Edie had heard some buzz within the industry that Puritan Fashions, a huge clothing manufacturer, was backing a new store slated to open in a few months. The store was going to be called Paraphernalia, which was a boutique concept very popular in London started by a visionary young man named Paul Young.
Paul’s idea was to set up individual shops within big department stores to give a stable of up-and-coming designers such as Foale and Tuffin, Daniel Hechter, Emanuel Kahn, and Paco Rabanne a platform to sell clothes the likes of which people hadn’t seen before. It was all new, new, new! This is the model used now in all department stores, but Paul was the man who invented it. He was a retail genius and was even responsible for introducing Mary Quant to the American market during his brief stint at J. C. Penney.
Karl Rosen, the man who owned Puritan Fashions, lured Paul to New York City, in hopes that he could work the same magic there. Paul’s specific vision for New York was to cater to young, rich-girl society types and bring downtown uptown. And it wasn’t just for girls: boys could shop there, too . . . as long as they were skinny enough and didn’t mind their buttons and flies on the wrong side.
I had been working for Mademoiselle for nine months when on a Friday morning, Edie approached me to say that Paul had called her asking for names of interesting new designers. I wondered what this had to do with me. I wasn’t a designer, I just made clothes for the girls around the office and for my mail-order gig, but a real designer . . . me? Uh-uh. I certainly didn’t think of myself that way.
She went on to say that she had set up a meeting for me with Paul on the following Monday afternoon. I was shocked and told her, “But that only gives me the weekend to pull it together!”
“Oh,” she replied calmly, “I’m sure you can handle it.”
I didn’t know what to do first. I was already staying up until all hours working to keep up with my orders. How was I supposed to make anything new to show Paul!?
I had no time to waste, so I ran around the office and talked to every girl who had bought something from me. By then I had graduated from making the little crocheted tops to super-simple stretchy little dresses as well. I asked them to bring the clothes they had bought to the office on Monday morning so I could borrow them back for my interview. They were all excited for me and more than happy to help.
When I got home that night, I gathered up all the stuff I had made for myself and was kind of amazed at the amount of clothes. Maybe Edie was on to something. Maybe I was a designer.
I spent the entire weekend redrawing sketches of all the clothing I had made and did new sketches of things I planned to make, all done in crayon, which is how I always worked.
As you can imagine, the weekend passed in a blur.
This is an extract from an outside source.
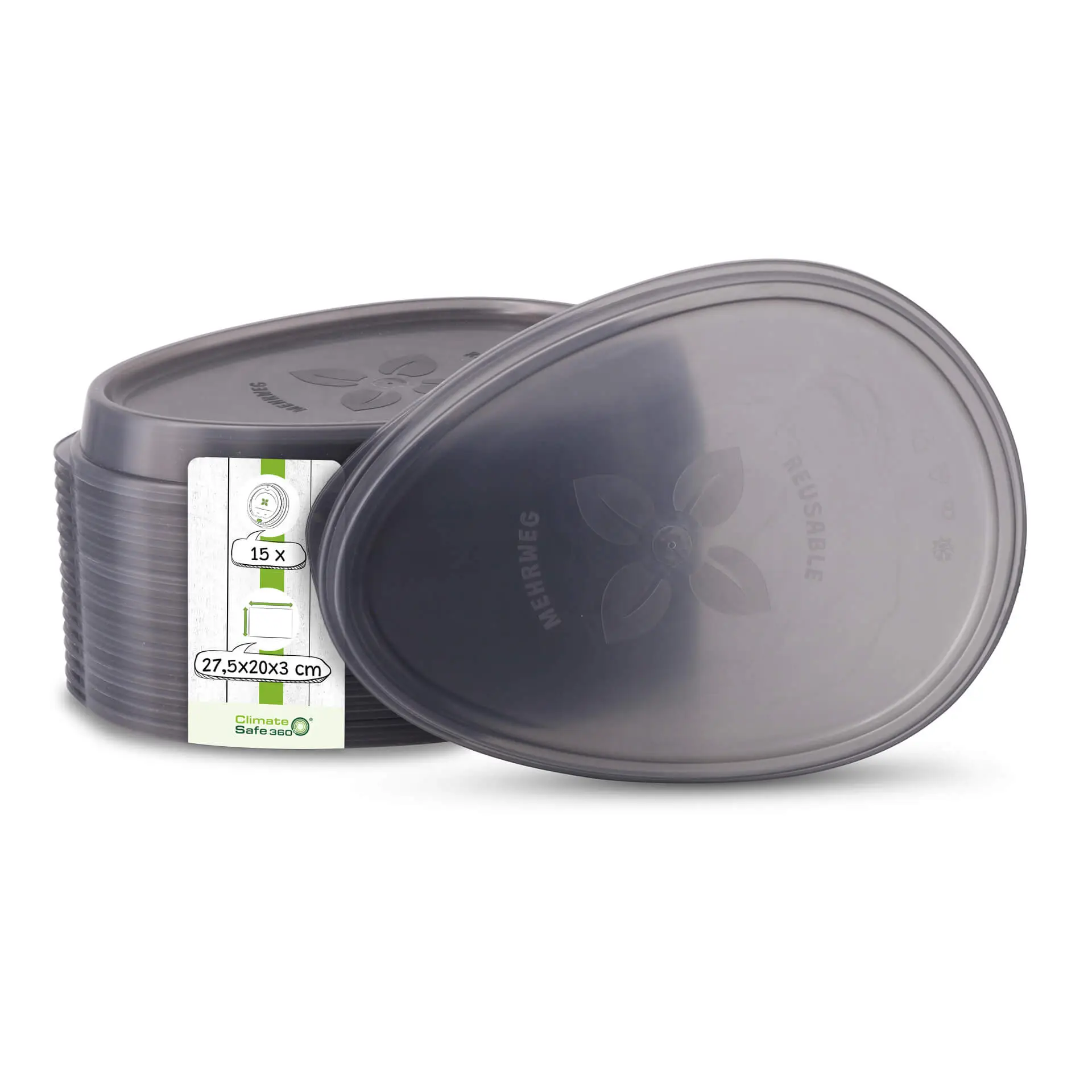 Couvercle réutilisable «merways Plate» gris, 27,5 x 20 x 3cm, PP dfc008131-mehrwegdeckel-merways-plate-275-x-20-x-3-cm-pp-grau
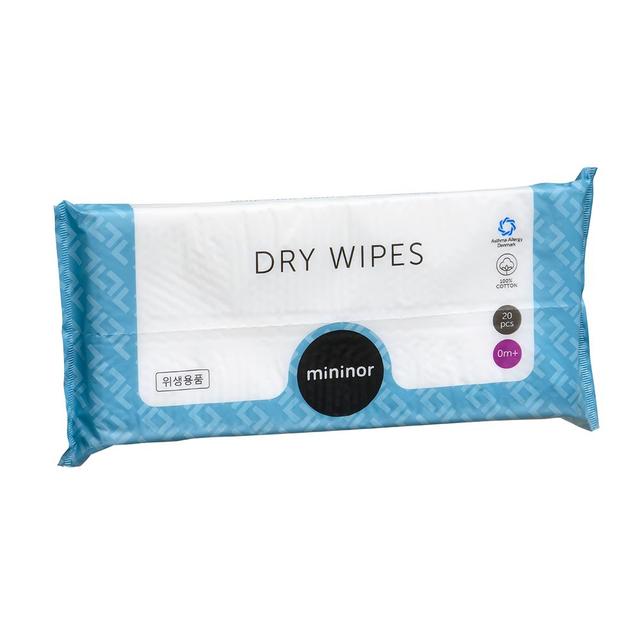 Mininor - 100% Cotton Ultra Soft Dry Wipes - Hypoallergenic/Biodegradable - 20pcs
I think I might have slept as much as two hours each night, if I slept at all.
When I got to the office on Monday morning, all the girls whom I had asked to bring in clothes came by and dropped them off at the art department. I’d fold each dress or whatever the garment was neatly and add it to one of the suitcases I had brought in to lug them to Paul’s office.
When lunchtime arrived I was out the door like a shot to make my way to 1400 Broadway, the address Edie had given me. When I ran into her on my way out, she said, “I’d wish you luck, but you don’t need it.” Buoyed by her confidence, I briskly walked all the way to the Puritan offices.
It was an unusually hot day for so early in the summer, and I was sweating when I finally reached my destination. I was wearing one of the dresses I had made myself. It was short but not too short—that would come later. It was also brightly colored but not too bright—that would come later as well. It wasn’t at all crazy, like some of the sketches I had done. I thought it was better to err on the side of conservative . . . or at least my version of what conservative was.
I had just had my hair cut in the Vidal Sassoon style. Not that I could afford to have my hair cut at the salon. I was actually dating a hairdresser from Sassoon who gave me the haircut at his apartment. I remember he used his chrome toaster instead of a mirror to see how he was doing. With my outfit and new do, I thought I was looking every inch the savvy New York designer.
I gazed up at the tall building smack-dab in the middle of the Garment District. Edie had told me that Puritan owned the entire building as well as other buildings in the area. I think she wanted to impress upon me just how huge an organization it was. But I was more intimidated than impressed and wondered again if I really could work as a fashion designer. As intimidating as that possibility was, it was also exciting. It had been quite the crazy year. First the contest, then the eye-opening trip to London, the job at Mademoiselle, and now this interview. I must have had more than one lucky star shining down on me.
I tried not to place too much importance on the interview. I told myself to just do my best and go with the flow. Whatever happens, happens. If it didn’t work out, I’d still have my job at the magazine. Coming back to the moment, I put any negative thoughts out of my head and, holding tightly on to my two hard Samsonite suitcases, strode into the building with as much confidence as I could fake.
When I got up to the twelfth floor, where I had been instructed to meet Paul, I saw that it was an old, run-of-the-mill kind of office, a little shabby even, which surprised me, as I had expected something fancy, stylish, and chic. Oh, boy, did I have a lot to learn about the garment business!
Out of nowhere appeared a secretary, as unglamorous as the office, who led me all the way to the back of the huge, crowded space. I was further surprised to see that this big shot didn’t even have a real office, just a desk and a couple of chairs tucked into a corner between what looked like a mile of rolling racks.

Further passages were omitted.